Noise phobias develop from fear and in these cases, are an irrational response to a stimulus. Part of our behavioural modification strategy is to teach the pet that they do not need to fearful during these situations.

(1) Desensitization: This is a process in which the noxious stimulus is applied at at very low intensity that would be incompatible with the fearful response. The intensity is then gradually increased over time. For example, playing a thunderstorm CD at low levels and gradually increasing the volume over a period of many days/weeks may prove to be beneficial. It must be noted that while pets seem to be very sensitive the loud thunder, there are many other factors as well such as wind, rain and barometric pressure.

(2) Counter Conditioning: This is the process in which you would play with or feed your dog treats while the pet is subjected to low levels of the stimulus. They should therefore, over time develop a positive association between the sounds and treats. It is important to start this behavioural modification strategy during low stimulus (as discussed above).
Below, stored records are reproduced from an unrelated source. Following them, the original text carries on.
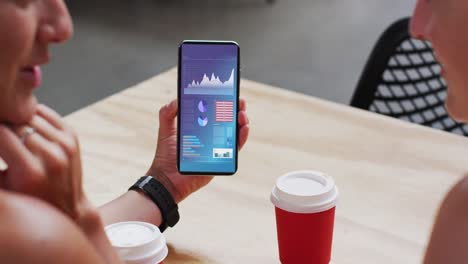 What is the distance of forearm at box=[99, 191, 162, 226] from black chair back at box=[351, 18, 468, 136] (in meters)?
0.72

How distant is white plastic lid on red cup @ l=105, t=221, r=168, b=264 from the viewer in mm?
889

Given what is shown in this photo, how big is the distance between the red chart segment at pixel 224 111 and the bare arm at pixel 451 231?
337mm

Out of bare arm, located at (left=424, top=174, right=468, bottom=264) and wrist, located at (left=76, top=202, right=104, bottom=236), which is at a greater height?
wrist, located at (left=76, top=202, right=104, bottom=236)

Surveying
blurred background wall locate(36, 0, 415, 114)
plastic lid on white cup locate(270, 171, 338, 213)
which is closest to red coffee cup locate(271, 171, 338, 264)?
plastic lid on white cup locate(270, 171, 338, 213)

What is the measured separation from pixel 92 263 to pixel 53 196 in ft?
0.22

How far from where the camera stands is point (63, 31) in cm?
62

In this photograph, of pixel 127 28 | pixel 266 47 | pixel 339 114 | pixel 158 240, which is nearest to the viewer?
pixel 158 240

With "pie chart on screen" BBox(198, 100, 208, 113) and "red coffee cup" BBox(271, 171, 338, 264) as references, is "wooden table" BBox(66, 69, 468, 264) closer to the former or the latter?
"red coffee cup" BBox(271, 171, 338, 264)

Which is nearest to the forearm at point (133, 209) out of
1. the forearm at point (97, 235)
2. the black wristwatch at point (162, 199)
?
the black wristwatch at point (162, 199)

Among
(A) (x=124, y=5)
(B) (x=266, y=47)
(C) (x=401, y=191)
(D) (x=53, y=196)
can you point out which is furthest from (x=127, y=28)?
(D) (x=53, y=196)

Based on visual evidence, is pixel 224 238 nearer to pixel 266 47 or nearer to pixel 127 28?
A: pixel 266 47

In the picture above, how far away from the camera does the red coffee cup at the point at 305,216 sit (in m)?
0.98

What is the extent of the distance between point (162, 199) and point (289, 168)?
0.26m

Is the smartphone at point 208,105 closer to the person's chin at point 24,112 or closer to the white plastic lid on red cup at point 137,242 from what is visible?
the white plastic lid on red cup at point 137,242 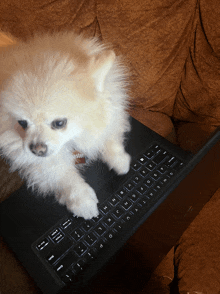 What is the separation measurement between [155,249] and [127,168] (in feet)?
1.17

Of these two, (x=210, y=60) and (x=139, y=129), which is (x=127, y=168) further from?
(x=210, y=60)

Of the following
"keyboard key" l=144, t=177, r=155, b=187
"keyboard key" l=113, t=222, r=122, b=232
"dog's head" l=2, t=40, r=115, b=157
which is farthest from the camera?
"keyboard key" l=144, t=177, r=155, b=187

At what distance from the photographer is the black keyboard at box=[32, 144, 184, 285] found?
721mm

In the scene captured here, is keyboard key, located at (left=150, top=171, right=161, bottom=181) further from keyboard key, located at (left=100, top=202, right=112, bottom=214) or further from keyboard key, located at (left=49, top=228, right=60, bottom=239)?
keyboard key, located at (left=49, top=228, right=60, bottom=239)

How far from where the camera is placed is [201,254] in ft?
2.97

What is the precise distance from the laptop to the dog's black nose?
0.92ft

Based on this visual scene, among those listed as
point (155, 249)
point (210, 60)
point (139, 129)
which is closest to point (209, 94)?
point (210, 60)

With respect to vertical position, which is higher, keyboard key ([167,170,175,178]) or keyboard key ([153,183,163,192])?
keyboard key ([167,170,175,178])

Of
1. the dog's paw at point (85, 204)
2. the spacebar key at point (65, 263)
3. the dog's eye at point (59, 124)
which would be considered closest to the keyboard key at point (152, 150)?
the dog's paw at point (85, 204)

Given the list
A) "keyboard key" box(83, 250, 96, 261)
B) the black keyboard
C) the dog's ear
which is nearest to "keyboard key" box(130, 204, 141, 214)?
the black keyboard

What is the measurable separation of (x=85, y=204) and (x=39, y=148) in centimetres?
30

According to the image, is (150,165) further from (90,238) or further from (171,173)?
(90,238)

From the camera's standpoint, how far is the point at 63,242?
77 centimetres

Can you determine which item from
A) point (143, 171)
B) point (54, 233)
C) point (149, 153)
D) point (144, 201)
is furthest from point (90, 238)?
point (149, 153) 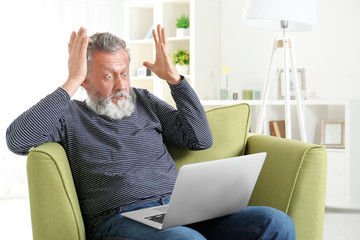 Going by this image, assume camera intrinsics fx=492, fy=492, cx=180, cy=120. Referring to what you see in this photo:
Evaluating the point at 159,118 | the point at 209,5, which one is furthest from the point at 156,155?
the point at 209,5

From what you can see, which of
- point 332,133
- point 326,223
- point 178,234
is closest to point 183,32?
point 332,133

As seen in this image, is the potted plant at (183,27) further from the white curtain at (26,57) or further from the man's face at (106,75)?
the man's face at (106,75)

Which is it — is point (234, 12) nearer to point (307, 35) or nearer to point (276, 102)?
point (307, 35)

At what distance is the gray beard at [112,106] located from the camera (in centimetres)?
190

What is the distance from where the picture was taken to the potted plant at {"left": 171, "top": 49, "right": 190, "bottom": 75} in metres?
4.55

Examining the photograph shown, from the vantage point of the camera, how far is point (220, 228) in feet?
5.43

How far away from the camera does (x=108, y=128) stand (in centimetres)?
188

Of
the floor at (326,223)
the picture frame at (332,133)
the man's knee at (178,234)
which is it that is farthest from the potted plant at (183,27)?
the man's knee at (178,234)

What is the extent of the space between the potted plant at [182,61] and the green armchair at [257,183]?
2386 mm

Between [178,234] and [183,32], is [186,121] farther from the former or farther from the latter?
[183,32]

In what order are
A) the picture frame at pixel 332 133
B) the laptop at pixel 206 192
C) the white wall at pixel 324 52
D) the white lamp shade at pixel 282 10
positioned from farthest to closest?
the white wall at pixel 324 52
the picture frame at pixel 332 133
the white lamp shade at pixel 282 10
the laptop at pixel 206 192

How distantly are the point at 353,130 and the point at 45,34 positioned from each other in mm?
2829

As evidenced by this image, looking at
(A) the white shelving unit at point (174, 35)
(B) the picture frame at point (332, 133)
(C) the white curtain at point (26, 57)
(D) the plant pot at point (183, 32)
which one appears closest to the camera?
(B) the picture frame at point (332, 133)

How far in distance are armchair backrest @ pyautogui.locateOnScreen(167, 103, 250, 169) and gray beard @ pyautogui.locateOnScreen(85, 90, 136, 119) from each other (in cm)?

It is important not to give the treat or reward until the fearful behaviour ceases. Remember, comforting the frightened dog is a reward! Similarly, dogs should not be punished for this behaviour. The increasing intensity of the stimulus should be managed so that at no point does it induce fearful behaviour, the goal is to insure a positive association with the stimulus at all times.

It is very important to understand that behavioural modification strategies take time, effort and patience! We recommend to perform these exercises at least daily, if not multiple times daily for the optimal results and to give your pet the best chance to learn! Its best to begin training during times of the year, when exposure to the fear evoking stimuli can be avoided, so that the pet can be improved prior to the next thunderstorm season.

(3) Medications: Specific medications prescribed by your veterinarian can be extremely beneficial. It is best to use these medications concurrently with a behavioural modification strategy to achieve optimal results.

(4) Other therapies: We have had success with Dog Appeasing Pheromone (DAP). This is a safe collar that you would place on your dog and exhibits a calming behaviour. In addition, there is a new veterinary diet from Royal Canin called “Calm”. This diet has also been show via studies to be beneficial in a variety of behavioural disorders. Lastly, a “natural” medicine called Zylkene that will help your dog during the stress of the noxious stimuli (thunderstorms, fireworks).

In any case, to develop the proper successful strategy for you pet, it is best to seek the advice of your veterinarian.